Abstract
Background: IGFBP-3 has been reported to be growth-stimulatory. The creation of tissue microarray (TMA) allows for the rapid immunohistochemical analysis of thousands of tissue samples in a parallel fashion. This study was designed with the application of TMA to analyze the IGFBP-3 status in breast cancer with the hope to elucidate the possible relationship between IGFBP-3 expression and breast cancer biology. Materials and Methods: Archival tissue specimens from 97 patients with primary invasive breast cancer were selected. The IGFBP-3 expression was analyzed by TMA. The data of primary tumor staging, age, estrogen receptor status, lymph node status, histological grading and TNM staging were also collected. Results: There were 40 patients (41%) with 0-1 expression of IGFBP-3, 52 patients (54%) with 2 expression of IGFBP-3 and 5 patients (5%) with 3 expression in IGFBP-3. By multivariate analysis, the IGFBP-3 expression turned out to be significantly related to the overall five-year survival rate. Conclusion: The preliminary results about IGFBP-3 expression in breast cancer are intriguing and require further evaluation.

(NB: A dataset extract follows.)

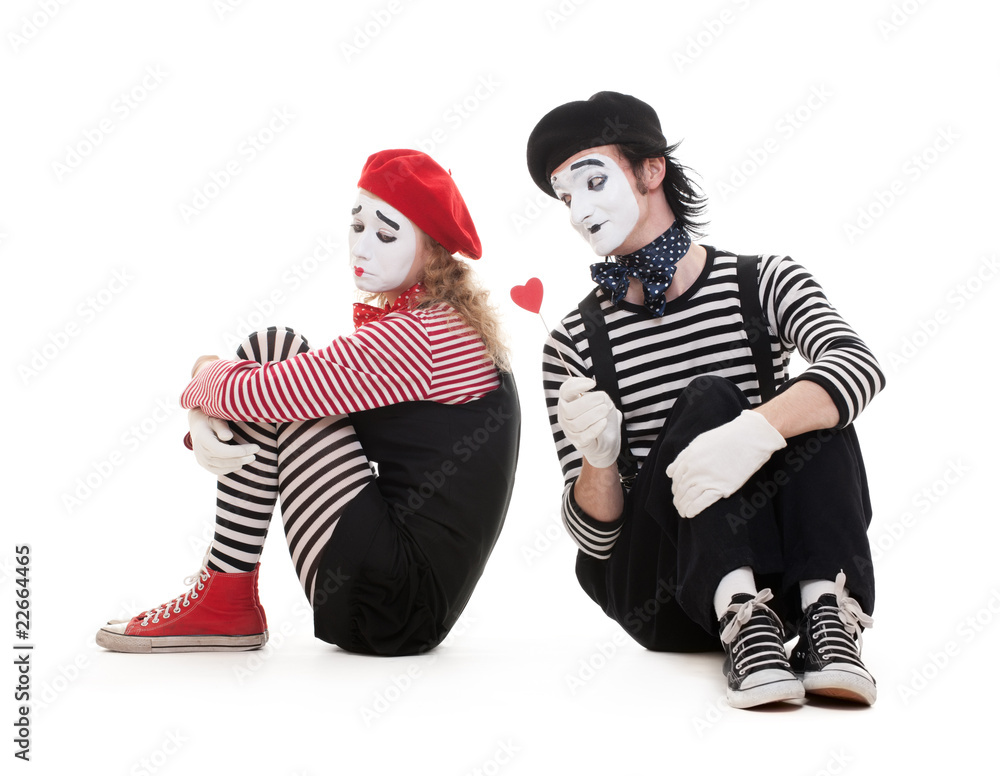 smiley man giving heart to sad woman smiley man giving heart to sad woman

Insulin-like growth factors are multifunctional peptides that appear to be important in regulation of growth of normal cells and resistance to apoptosis in neoplastic tissue (1, 2). Contrary to most other growth factors, IGF peptides appear in large concentrations in the circulation and show systemic, hormonal and local paracrine effect on cell behavior (3). In the circulation, IGF-I binds mostly to the main IGF binding protein. Insulin-like growth factor-binding protein-3 (IGFBP-3) (3). IGFBP-3, a 45-kDa glycoprotein abundant in the circulation and extracellular environment, is a key regulator of the peptide hormones IGF-I and IGF-II (1). Through its high affinity for these growth factors, IGFBP-3 competes for ligand binding with the receptor mainly responsible for mediating the actions of IGF-I and -II, the type I IGF receptor (IGFR1) (3), and thereby blocks mitogenic and anti-apoptotic signaling initiated by its activation. A crucial role for IGFBP-3 in modulating the proliferative effects of IGFs in many cell types is well known, and both exogenous and endogenous IGFBP-3 have been shown to block IGF action in breast cancer cells in vitro (4-7). On the contrary, IGFBP-3 has been reported to be growth-stimulatory in vitro. IGFBP-3 may strengthen IGF-stimulated DNA synthesis in MCF-7 breast cancer cells (8). Recently, IGFBP-3 has been found to have the capability of increasing proliferation of LNCaP prostate cancer cells in the absence of serum or IGFs (9). IGFBP-3 is secreted primarily by the liver (10), furthermore, secretion by breast cancer cells (11) resulting in local effect has also been reported.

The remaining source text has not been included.